** Opening Data records block **
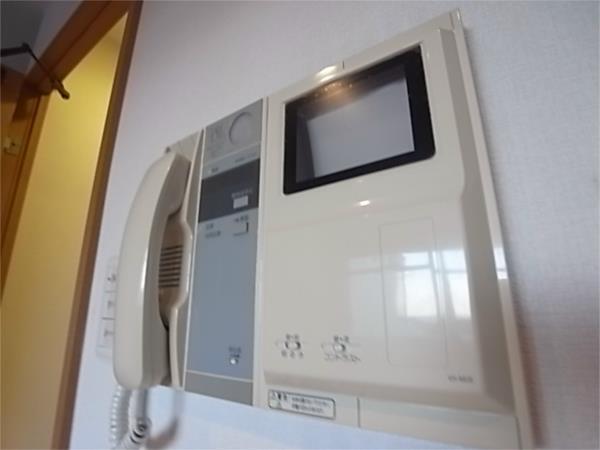 メゾン・ド・ヴィレ須磨潮見坂 セキュリティ
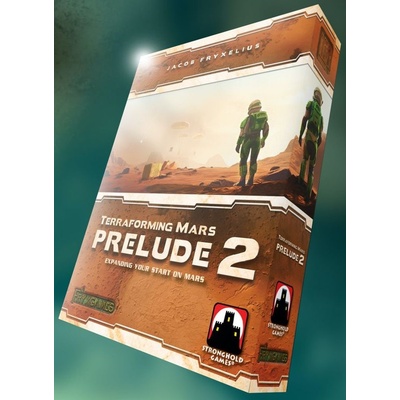 Terraforming Mars: Prelude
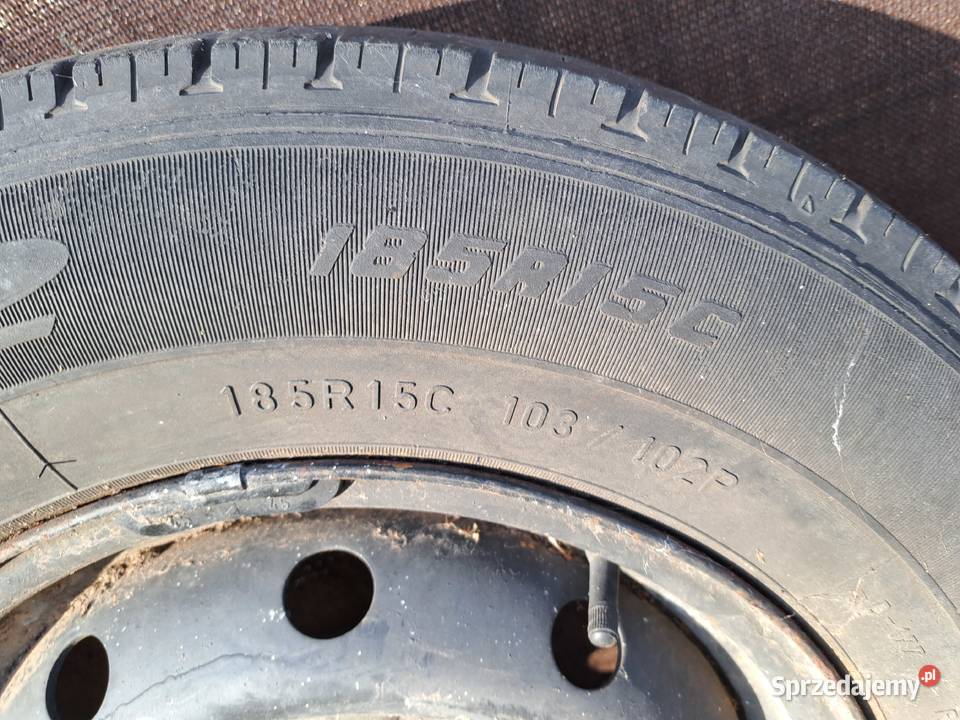 KOŁA do DAEWOO LUBLIN I II 185x15C Warszawa mazowieckie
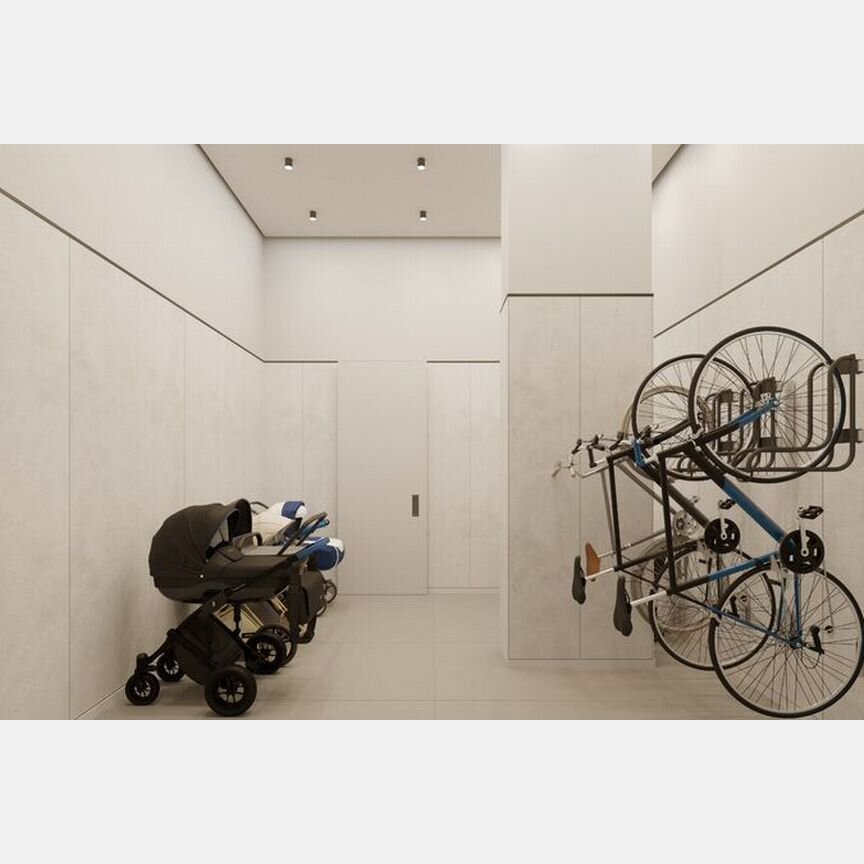 2-к. квартира, 59,6 м², 20/25 эт.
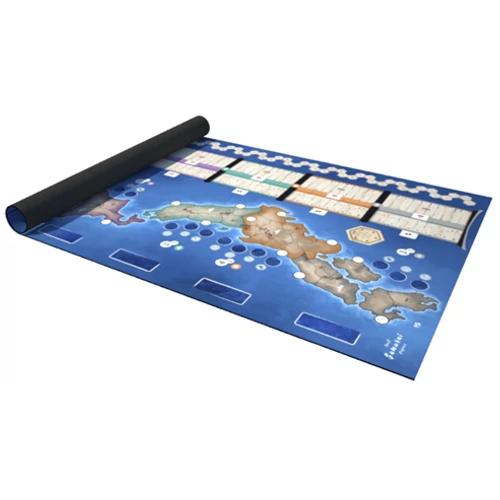 Small Samurai Empires playmat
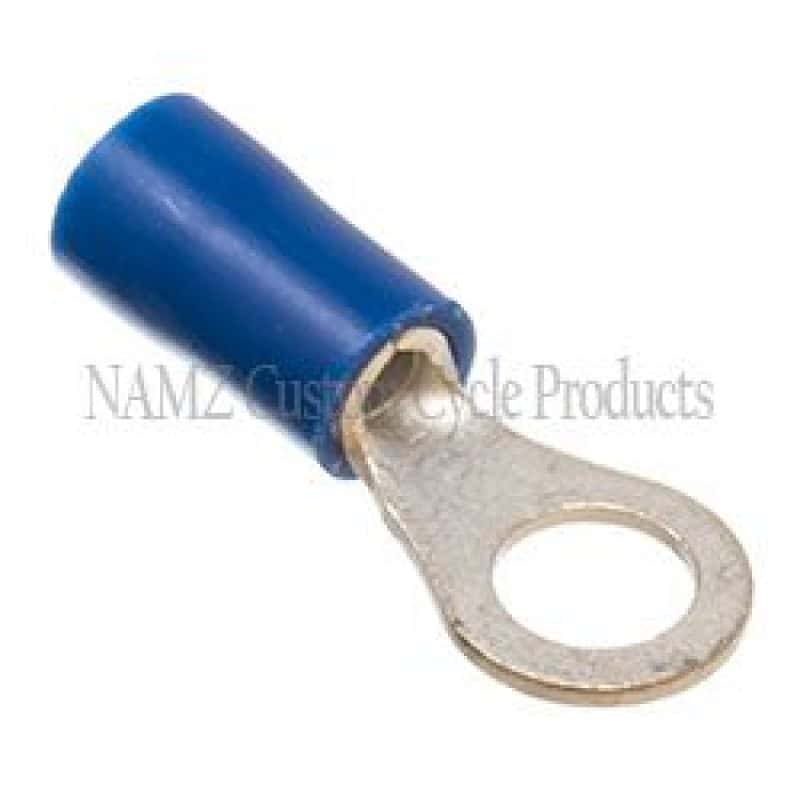 NAMZ — NAMZ PVC Ring Terminals No. 10 / 16-14g (25 Pack) - view 2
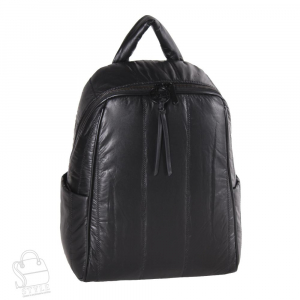 Рюкзак женский 69179 black Velina Fabbiano-Safena в Новосибирске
** Closing Data records block **
Description of the task ▸
Please copy the data above character for character, skipping any pictures.

Completed task ▸
 メゾン・ド・ヴィレ須磨潮見坂 セキュリティ
 Terraforming Mars: Prelude
 KOŁA do DAEWOO LUBLIN I II 185x15C Warszawa mazowieckie
 2-к. квартира, 59,6 м², 20/25 эт.
 Small Samurai Empires playmat
 NAMZ — NAMZ PVC Ring Terminals No. 10 / 16-14g (25 Pack) - view 2
 Рюкзак женский 69179 black Velina Fabbiano-Safena в Новосибирске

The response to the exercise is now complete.